You’re stuck on an elevator with someone who loved that Sarah Lacy article. Now what?

Pretend ignoring this person isn’t an option.

The elevator you’re riding lurches to a noisy halt. Don’t panic: Help is on the way! And at least you have a companion while you wait.

She’s a woman about your age and apparently she loved the PandoDaily article Sarah Lacy wrote about why we shouldn’t be worked up over Twitter’s failure to include women on its board. For whatever reason she won’t stop talking about it. Attempts to change the subject are futile. Now you’re panicking.

But don’t worry. You’ll get through this. Here’s how to respond to the arguments she’s bound to make without being a jerk about it.

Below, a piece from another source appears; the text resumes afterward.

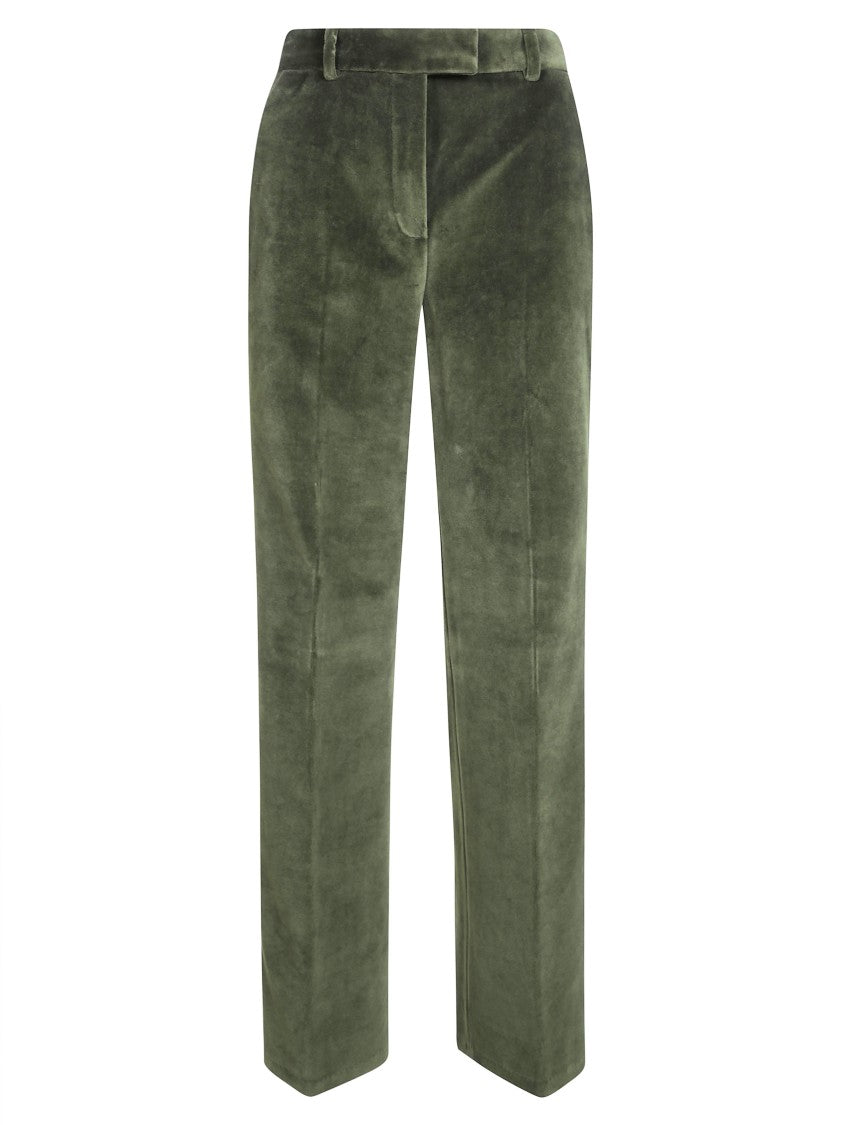 Circolo Smooth Velvet Straight-Leg Pants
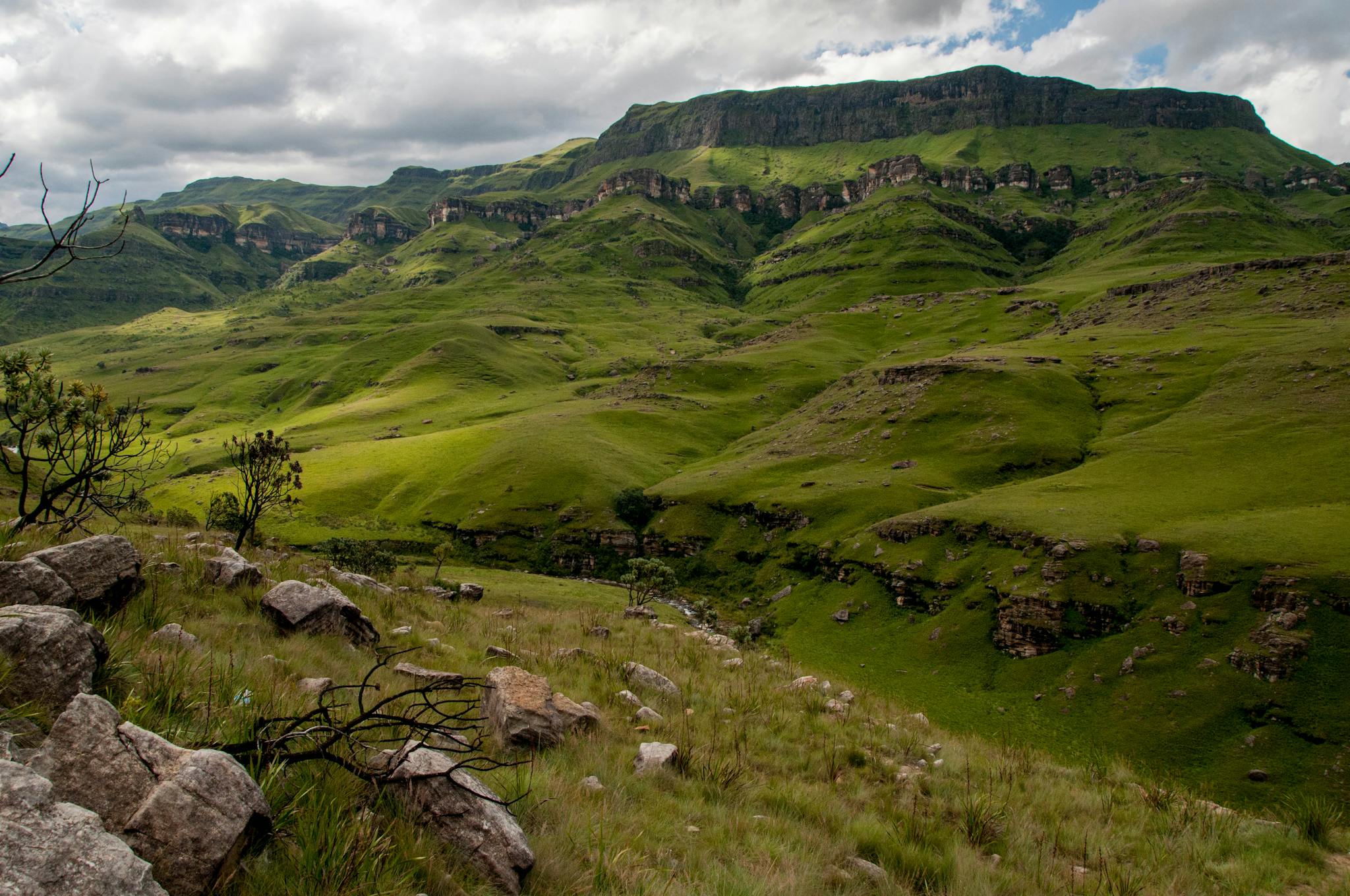 Explore the stunning green landscapes and rolling hills of the Drakensberg mountains, South Africa.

What she says: I mean, it’s just a tiny corporate board!

What you want to say: Your face is a tiny corporate board.

What you should say: I know. Isn’t it frustrating how the discrimination against women is so systematic, so structural, that we still have to obsess over this kind of thing? Clearly, most major corporations aren’t focused enough on it. Women occupy something like 16 percent of Fortune 500 board seats. That’s up from 12 percent 10 years ago, so there has been modest growth — but at a slower place than in other developed nations.

What she says: At the end of the day, Twitter has to run a business. Priorities, you know?

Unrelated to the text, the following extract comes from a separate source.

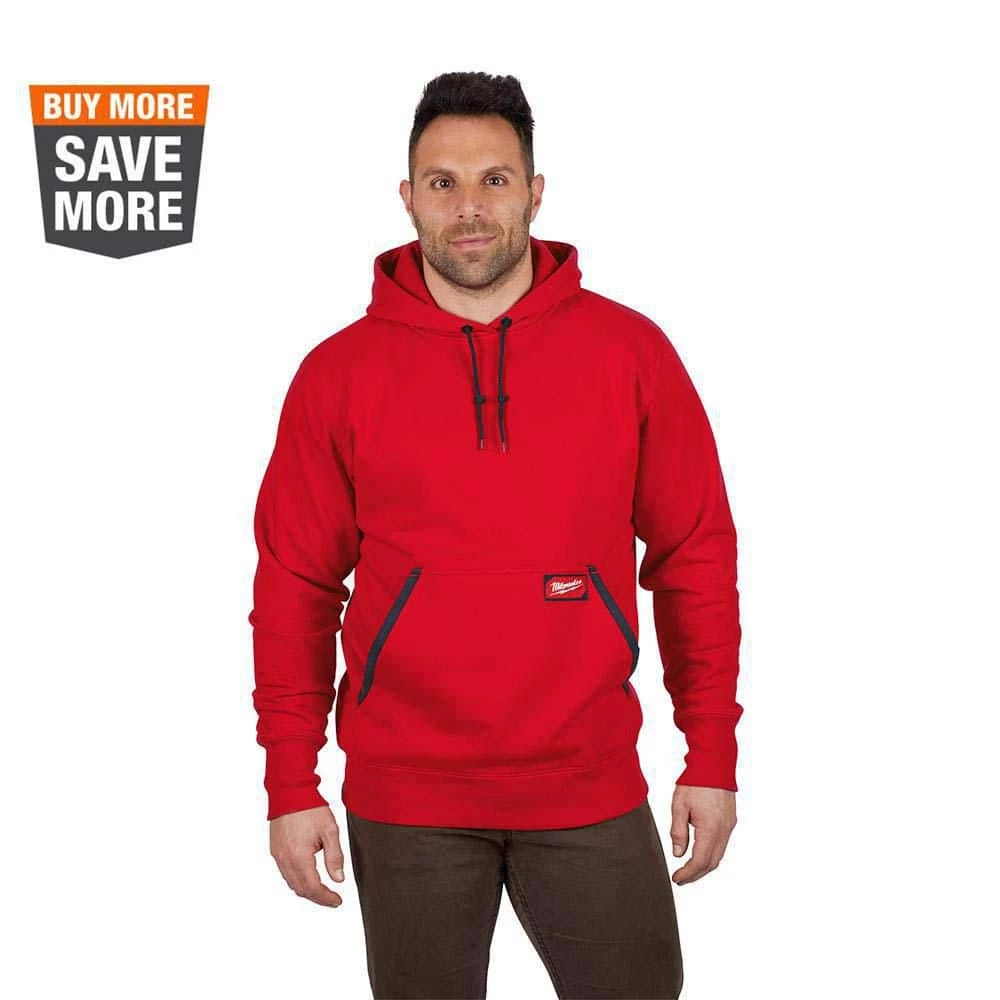 Milwaukee Men's 3X-Large Red Heavy-Duty Cotton/Polyester Long-Sleeve Pullover Hoodie 1 Milwaukee Men's 3X-Large Red Heavy-Duty Cotton/Polyester Long-Sleeve Pullover Hoodie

What you want to say: I’m embarrassed for you.

What you should say: Totally. I use Twitter all the time and can’t believe they don’t take seriously the value that more diversity would bring. It’s weird how so many people don’t seem to understand that actually representing your stakeholders has major business implications. You should check out this study from earlier this year that showed how diverse corporate boards outperform those with no women. You’d think that a company like Twitter would put its business interests first. Then again, they were operating at a deficit of almost $419 million as of June.

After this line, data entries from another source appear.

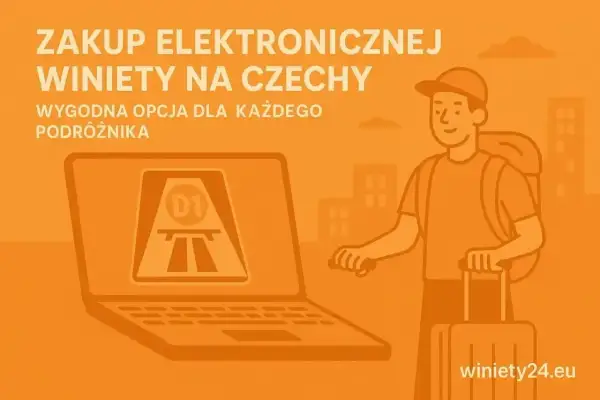 Kupuj wygodnie winiety Czechy i Austria online. Laptop pokazuje autostradę, a podróżnik z walizką i plecakiem jest gotowy do drogi.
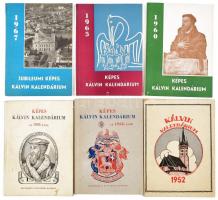 6 db Képes Kálvin kalendárium (1952., 1958., 1959., 1960., 1965., 1967.). Református Egyetemes Konvent. Kiadói papírkötésben.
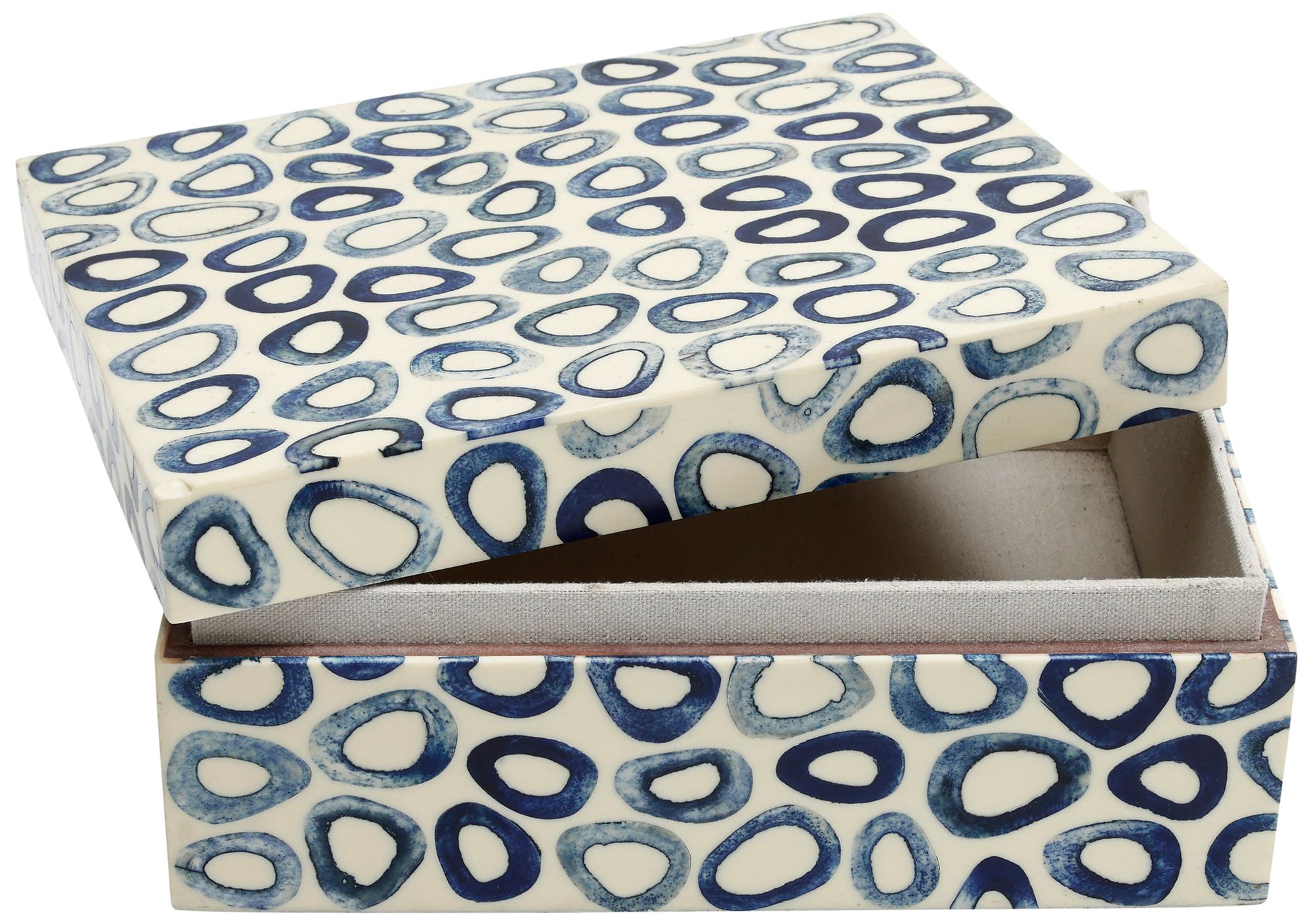 Image 5 Ovoid White, Blue Rectangular Box - Set of 2 more views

What she says: And what about people of color?! Why don’t feminists care about including them?

What you want to say: What’s it like to be, literally, the worst human on an elevator right now?

What you should say: I think a lot of them do. The gender issue is just a tiny slice of a much larger problem. Sometimes it feels unsolvable and you have to approach it bit by bit. But I think if we refuse to let it slide, we can effect change.

What she says: You know, some women would be really offended if they were hired just to be the “token woman” on the board. Twitter needs qualified people!

What you want to say: I hate you so much.

What you should say: Yeah, they’d have reason to be offended if someone actually suggested that’s why they were hired. But the worst part of the argument about tokenism is that it assumes there aren’t qualified women out there, which there obviously are. Insane. It’s troubling how people conflate the idea of appointing qualified women with the notion that doing so amounts to simply meeting a quota.

What she says: Have you seen these women who call themselves feminists who are bashing Sarah Lacy but retweeting men? What’s that about?

What you want to say: I’m going to invent a time machine so I can prevent your birth.

What you should say: I wish everybody would react less and respond more. But it’s good to see some people are actually thinking about what messages they’re amplifying rather than simply agreeing with someone because of her gender.

What she says: People act like Twitter invented sexism but none of this is limited even to tech.

What you want to say: Happy birthday! I understand you were born yesterday.

What you should say: It’s overwhelming, isn’t it? But, as someone smart recently told me, “Inequality in one place is never an excuse for inequality elsewhere.”

What she says: I just wish all of these angry women would chill out.

What you want to say: I just wish you would be raptured from this solar system.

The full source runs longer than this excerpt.